══ Source material ══

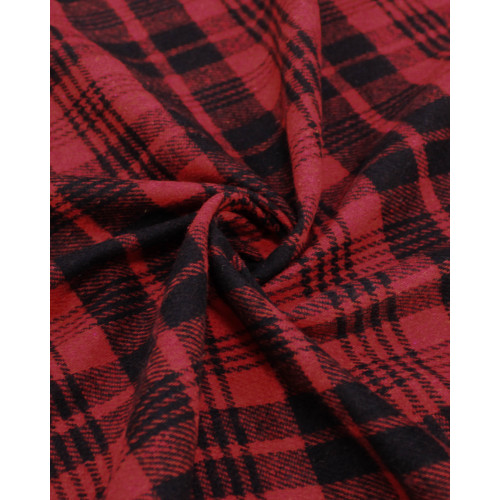 Tecido Flanela Mista Xadrez Triplo Preto e Vermelho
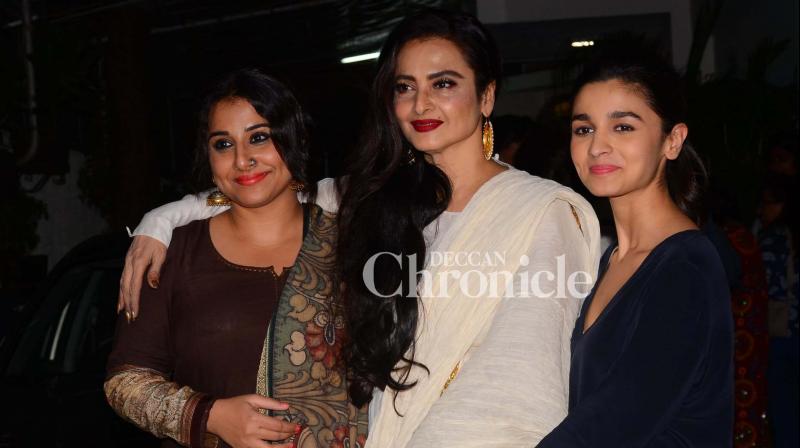 Alia Bhatt, Vidya Balan and Rekha bond at screening of Begum Jaan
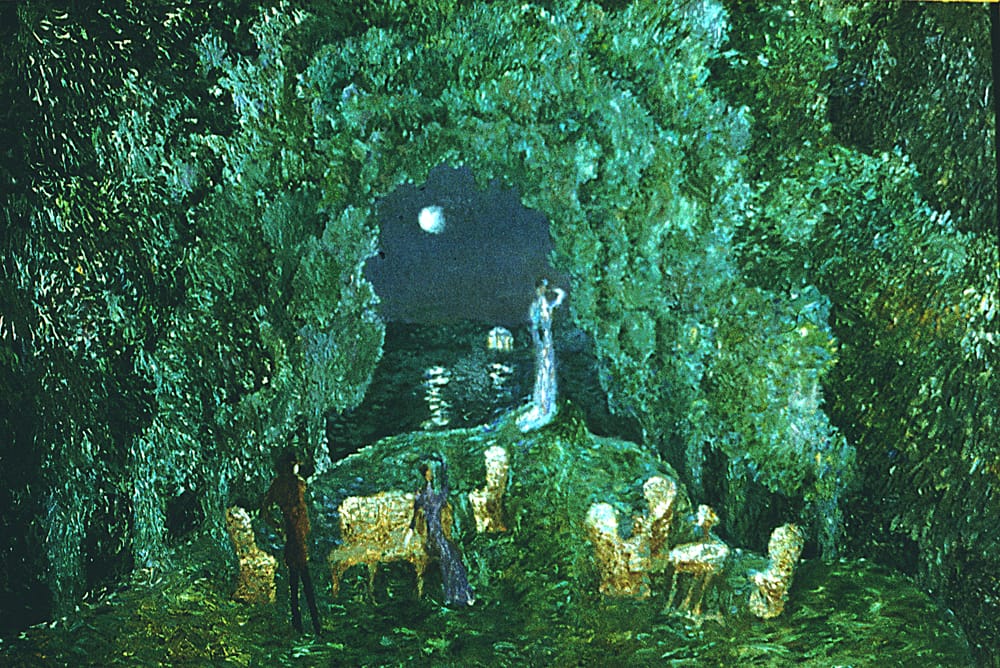 Эскиз к спектаклю «Чайка» А.Чехова. Литовский молодежный театр, Вильнюс. Режиссер Д.Тамувеличуте. Холст на картоне, масло, 46х77 см.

═══

Exercise aim: Copy the full listing above exactly, apart from the pictures.

Final answer:
 Tecido Flanela Mista Xadrez Triplo Preto e Vermelho
 Alia Bhatt, Vidya Balan and Rekha bond at screening of Begum Jaan
 Эскиз к спектаклю «Чайка» А.Чехова. Литовский молодежный театр, Вильнюс. Режиссер Д.Тамувеличуте. Холст на картоне, масло, 46х77 см.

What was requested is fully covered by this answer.